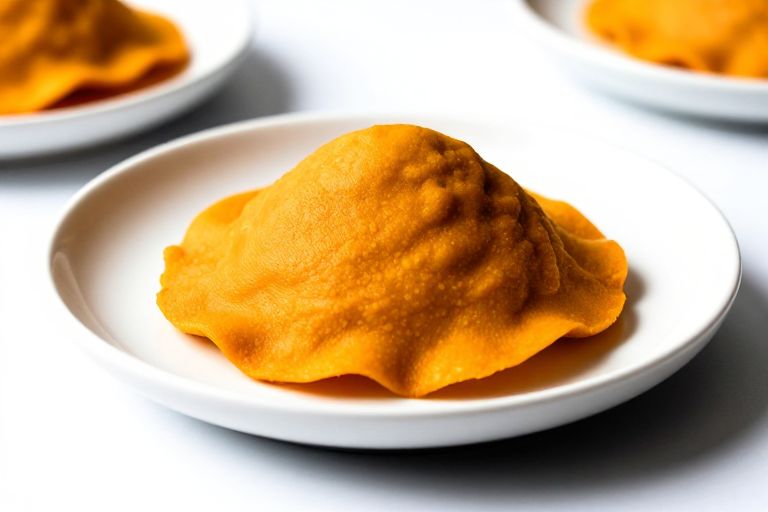 Popular budget meals recipes on pinterest - We’ll talk about why these recipes get saved and shared so much, what you need to make them, and how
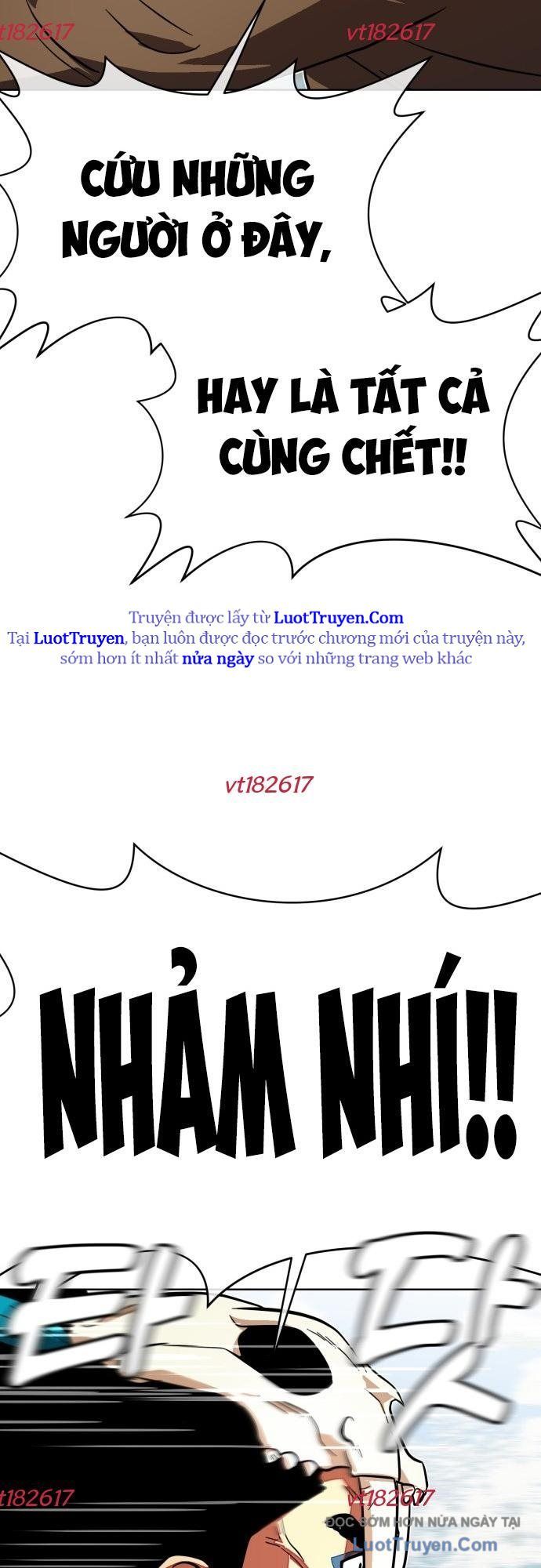 Tiền Sử Vlog - Chapter 48 - Page 43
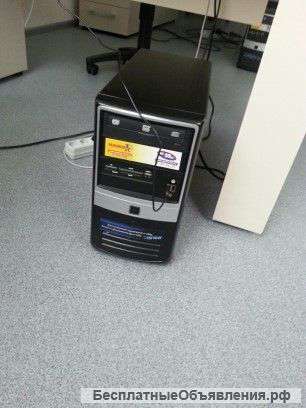 Системные блоки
┄┄┄┄┄┄┄┄┄┄
Copy the data exactly. Pictures do not belong in the copy.

• [SOLUTION FOR THIS TASK]
 Popular budget meals recipes on pinterest - We’ll talk about why these recipes get saved and shared so much, what you need to make them, and how
 Tiền Sử Vlog - Chapter 48 - Page 43
 Системные блоки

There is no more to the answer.